Only the lines from the one containing "Wesoła Kobieta Ciąży" through the end of the data below are to be repeated, exactly as given, without pictures.

_ENTRIES PROVIDED:_
+ + + + + + +

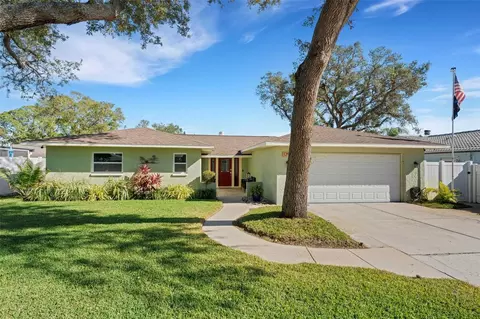 12511 116th St, Largo, FL 33778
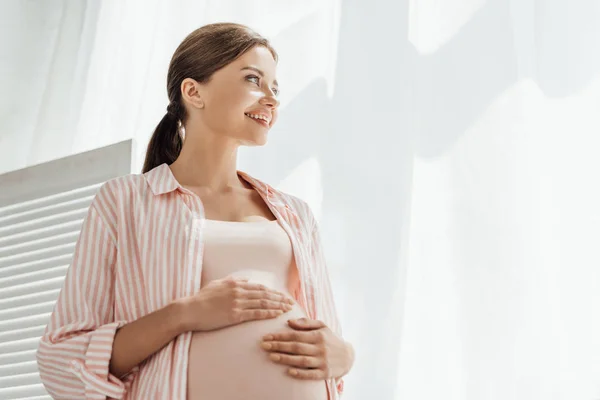 Wesoła Kobieta Ciąży Dotykający Brzuch Szczęśliwy Uśmiech — Zdjęcie stockowe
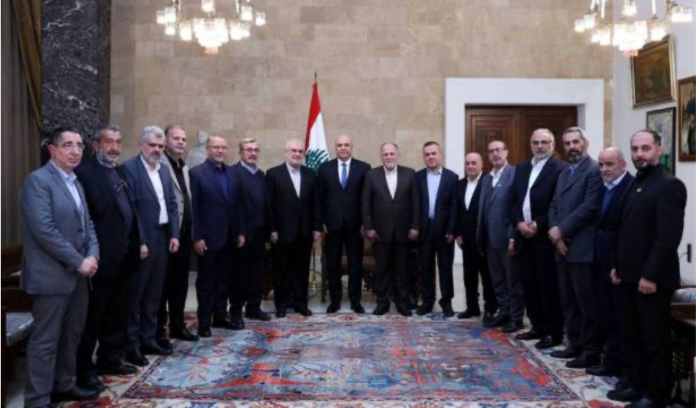 «الثنائي» يعتبر تكليف سلام دون الميثاقيّة الشيعيّة<br />
محاولات لتصحيح الخلل بالتأليف لمنع عرقلة انطلاقة العهد<br />
الحزب يتحدث عن «كمين»... وبري: لن نستسلم للأمر الواقع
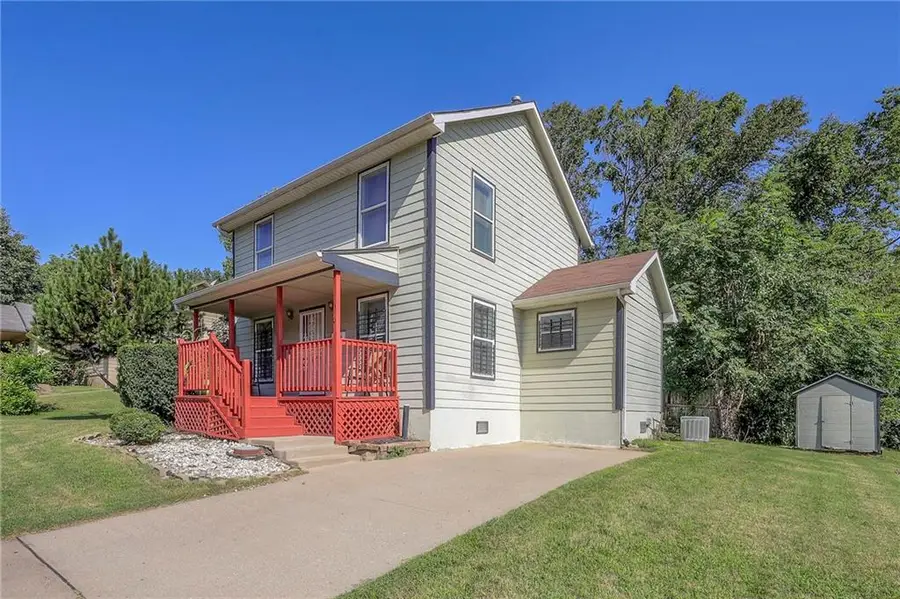 1610 E 37th Street, Kansas City, MO 64109 - Image #3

+ + + + + + +

_TASK ANSWER:_
 Wesoła Kobieta Ciąży Dotykający Brzuch Szczęśliwy Uśmiech — Zdjęcie stockowe
 «الثنائي» يعتبر تكليف سلام دون الميثاقيّة الشيعيّة<br />
محاولات لتصحيح الخلل بالتأليف لمنع عرقلة انطلاقة العهد<br />
الحزب يتحدث عن «كمين»... وبري: لن نستسلم للأمر الواقع
 1610 E 37th Street, Kansas City, MO 64109 - Image #3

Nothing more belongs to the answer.